BACKGROUND: Alcohol use disorder (AUD) significantly affects over 200 health conditions, causing about 3 million deaths annually worldwide and is approximately 50 % heritable.

METHODS: We conducted a genome-wide association study (GWAS) on self-reported alcohol consumption and alcohol-related challenges (AUDIT score) in a large East Slavs cohort (N = 41,575). Genetic correlations with diverse phenotypes were assessed, and a polygenic risk score (PRS) for alcohol use disorder (AUD) was built and tested in an independent clinical cohort. GWAS and PRS associations were validated across various genetic ancestries.
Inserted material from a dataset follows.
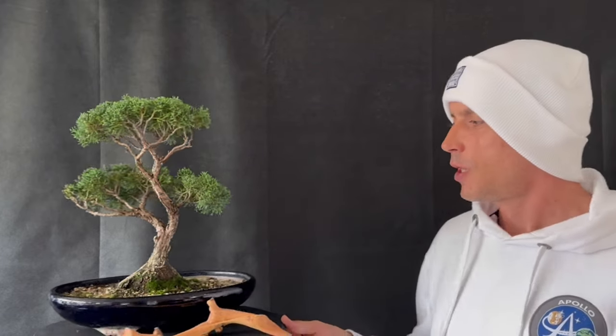Hi guys, welcome back to Bonsai Crazy. Today we're going to do a video on winter tree wash. Winter tree wash is a vital component to any bonsai enthusiast. I bought this tree at the Heathrow Bonsai Show this year.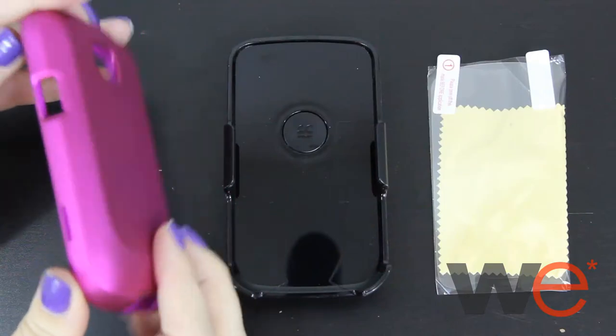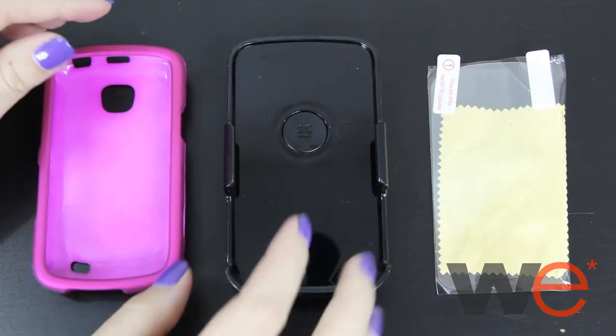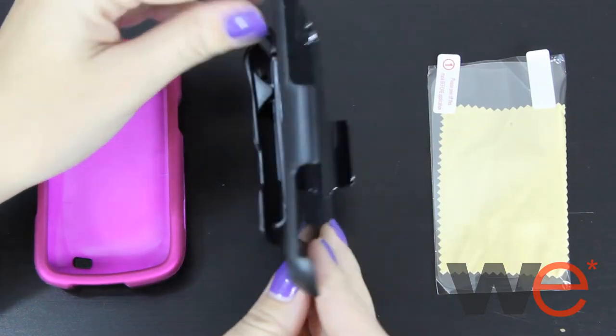This is the 3-in-1 hot pink case and holster combo for the Samsung Galaxy Pro Claymore Illusion. This 3-in-1 combo comes with a rubberized case, holster, and screen protector.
RESULTS: The East Slavs GWAS identified a highly significant association (p = 2.5 ×10-18) between the rs1229984 SNP and AUD. Transancestral modeling revealed significant associations in Ashkenazi Jews, Tatars, Siberian, and other populations. Additional subthreshold associations (p < 10-6) were found in SNPs within KIF26, OCA2, DLGAP2, and miRNA AL161421 gene regions. SNP-based heritability was estimated at hg = 6.4 % (SE = 1.1 %). Genetic correlation analysis revealed the strongest positive associations with psychiatric traits. We trained the PRS using external summary statistics and individual-level genomic data from our cohort (R2 = 0.013). It outperformed other external PRSs included in the analysis. Validation in the independent clinical cohort showed an AUC of 0.6 (95 % CI = 0.56-0.64), and integrating PRS with non-genetic models increased the AUC by 1.33 %, resulting in 0.762 (p = 8 × 10⁻⁵).

CONCLUSIONS: Our findings suggest a genetic basis for AUD involving genes related to alcohol metabolism and the reward system. The applicability of the PRS across diverse genetic ancestries supports its integration into non-genetic prediction models, enhancing AUD prediction accuracy in diverse populations.